Kami baru saja tiba di stasiun kereta Rueifang ketika gerimis menerpa. Waktu menunjukkan pukul 10.10 waktu Taiwan. Tak terasa sudah satu jam kami berkereta dari Taipei Main Station. Tujuan kami adalah menghabiskan satu hari di desa pertambangan Juifen di distrik Rueifang, Taiwan.
Apple Lu, teman kami warga Taiwan segera meloncat ke platform stasiun. “Huan ying Taiwan,” katanya. Selamat datang di Taiwan, ucapnya sambil senyum.
Desa Juifen sejak 1990 telah dikreasikan oleh pemerintah Taiwan menjadi desa wisata tambang. Apple menerangkan kepada saya, mulanya Juifen hanyalah sebuah desa yang terisolasi karena lokasinya yang jauh di pegunungan.

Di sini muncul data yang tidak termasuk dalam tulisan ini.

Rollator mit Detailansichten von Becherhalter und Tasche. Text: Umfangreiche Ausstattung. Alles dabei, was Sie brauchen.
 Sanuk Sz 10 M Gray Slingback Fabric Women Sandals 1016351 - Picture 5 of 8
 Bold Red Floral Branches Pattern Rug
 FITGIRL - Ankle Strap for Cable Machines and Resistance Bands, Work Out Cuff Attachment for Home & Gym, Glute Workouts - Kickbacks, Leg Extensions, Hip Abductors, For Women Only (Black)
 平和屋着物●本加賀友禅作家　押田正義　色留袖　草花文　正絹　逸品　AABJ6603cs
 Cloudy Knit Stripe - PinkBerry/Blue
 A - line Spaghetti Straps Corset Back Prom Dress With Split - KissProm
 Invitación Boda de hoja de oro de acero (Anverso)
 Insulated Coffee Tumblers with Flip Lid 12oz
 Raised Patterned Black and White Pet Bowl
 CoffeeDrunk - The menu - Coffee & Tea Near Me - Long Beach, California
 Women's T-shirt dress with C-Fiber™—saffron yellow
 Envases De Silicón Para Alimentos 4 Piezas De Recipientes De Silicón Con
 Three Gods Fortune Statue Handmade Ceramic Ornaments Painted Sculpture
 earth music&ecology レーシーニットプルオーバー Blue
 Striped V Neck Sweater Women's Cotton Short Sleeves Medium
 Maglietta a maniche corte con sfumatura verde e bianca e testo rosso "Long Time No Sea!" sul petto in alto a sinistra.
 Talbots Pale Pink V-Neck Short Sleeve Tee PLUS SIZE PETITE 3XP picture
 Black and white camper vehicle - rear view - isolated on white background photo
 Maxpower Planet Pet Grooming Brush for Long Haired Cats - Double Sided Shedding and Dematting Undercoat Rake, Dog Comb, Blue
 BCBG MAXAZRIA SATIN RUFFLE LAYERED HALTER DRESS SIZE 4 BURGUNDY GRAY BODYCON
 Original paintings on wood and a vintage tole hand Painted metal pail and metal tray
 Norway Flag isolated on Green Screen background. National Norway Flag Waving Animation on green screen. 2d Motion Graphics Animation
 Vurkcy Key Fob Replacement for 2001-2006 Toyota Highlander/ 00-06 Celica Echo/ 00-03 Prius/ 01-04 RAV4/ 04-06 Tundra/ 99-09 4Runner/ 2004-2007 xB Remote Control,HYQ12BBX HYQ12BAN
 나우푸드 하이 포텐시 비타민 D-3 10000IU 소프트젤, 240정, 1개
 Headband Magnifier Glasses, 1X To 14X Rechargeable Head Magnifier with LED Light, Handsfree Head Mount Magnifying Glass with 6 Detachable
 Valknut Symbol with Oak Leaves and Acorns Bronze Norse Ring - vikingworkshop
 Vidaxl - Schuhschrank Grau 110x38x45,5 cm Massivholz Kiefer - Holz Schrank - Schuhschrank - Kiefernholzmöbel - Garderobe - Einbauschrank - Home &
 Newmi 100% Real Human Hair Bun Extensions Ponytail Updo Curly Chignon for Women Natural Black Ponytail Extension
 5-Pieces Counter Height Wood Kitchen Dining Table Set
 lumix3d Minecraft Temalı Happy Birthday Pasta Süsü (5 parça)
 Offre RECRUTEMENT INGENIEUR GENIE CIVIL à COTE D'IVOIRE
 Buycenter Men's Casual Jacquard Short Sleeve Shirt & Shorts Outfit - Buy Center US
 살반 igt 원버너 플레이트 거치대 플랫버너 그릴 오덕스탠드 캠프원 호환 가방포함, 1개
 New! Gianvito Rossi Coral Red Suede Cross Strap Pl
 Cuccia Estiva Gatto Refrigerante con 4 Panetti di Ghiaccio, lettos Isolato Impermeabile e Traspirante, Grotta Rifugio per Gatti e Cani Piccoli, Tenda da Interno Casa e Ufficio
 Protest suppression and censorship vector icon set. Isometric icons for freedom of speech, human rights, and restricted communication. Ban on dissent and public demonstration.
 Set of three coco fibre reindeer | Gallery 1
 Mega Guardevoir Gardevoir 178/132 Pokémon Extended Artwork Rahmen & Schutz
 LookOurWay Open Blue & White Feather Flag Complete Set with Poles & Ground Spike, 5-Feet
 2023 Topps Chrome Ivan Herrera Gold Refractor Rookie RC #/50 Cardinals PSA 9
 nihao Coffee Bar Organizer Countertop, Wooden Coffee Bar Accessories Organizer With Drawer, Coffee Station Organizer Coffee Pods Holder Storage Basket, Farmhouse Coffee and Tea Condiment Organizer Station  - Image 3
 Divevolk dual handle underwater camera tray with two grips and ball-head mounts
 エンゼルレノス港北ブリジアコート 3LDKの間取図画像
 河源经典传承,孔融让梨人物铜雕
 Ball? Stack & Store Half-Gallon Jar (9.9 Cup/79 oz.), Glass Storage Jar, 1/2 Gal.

“Dulu para petambang jarang turun ke kota karena semua disediakan di sana. Mulai dari kebutuhan pangan, sampai kebutuhan biologis,” katanya setengah berbisik.
Kami menaiki mini bus bercat dasar putih dengan garis-garis merah serta motif ukiran bunga di dindingnya. Perjalanan menanjak menuju Juifen ditempuh dalam setengah jam melaui jalanan yang berliku dan menanjak.
Di Juifen, Bus berhenti di tepi jalan utama yang dibangun pemerintah Taiwan pada 1990. Lalu berjalan kaki menanjak sekitar 100 meter menuju Juifen Old Street.
Memasuki Juifen Old Street, kami langsung disuguhi jalan yang padat dan sempit karena bangunan ditata berhadap-hadapan dan menyisakan ruang untuk pejalan kaki selebar 3 sampai 4 meter. Di lorong-lorong ini, saya merasa bagaikan berada di tengah pasar pada desa-desa yang sering saya tonton di film-film kung fu. Suasananya riuh dan ramai.
Para pedagang menawarkan berbagai macam hal. Sebagian diantara pedagang itu menggunakan pengeras suara yang dikaitkan di kepala dengan speaker mini yang mereka gantungkan di pinggang. Barangkali ini konsekuensi bila wisata telah menjadi massal.
Kami memutuskan untuk berpisah disini karena tidak memungkinkan berjalan dalam rombongan sementara banyak sekali manusia berseliweran.
Pertambangan batu bara sudah dimulai sejak zaman Jepang menguasai Taiwan. Namun eksploitasi besar-besaran dimulai sejak 1971, ketika cadangan 220 ribu ton batu bara ditemukan di wilayah ini. "Emas hitam" ini kemudian menjadi primadona selain emas murni di Juifen. Namun eksploitasi batu bara hanya berlangsung selama 20 tahun, pada 1990 cadangannya menurun drastis.
Saya mulai berjalan sendiri, sementara mahasiswa Indonesia lainnya juga melakukan hal yang sama. “Kita baiknya memetik pelajaran sendiri dari perjalanan ini,” kata mereka saat kami berpisah. Saya mulai mengeksplorasi wiayah ini dengan buku catatan dan kamera.
Menyisir masa lalu
Jepang benar-benar membawa perubahan atas daerah terisolir ini. Apple Lu menceritakan bagaimana terisolirnya Juifen di masa lampau. Jalan sempit dengan pemukiman yang berjarak. Serta orang-orang desa yang bertani. Kembali ceritanya itu mengingatkan saya pada film-film kung fu berlatar zaman dahulu. Kini, Juifen telah menjadi pusat wisata tambang yang apik dengan arsitekturnya yang menawan.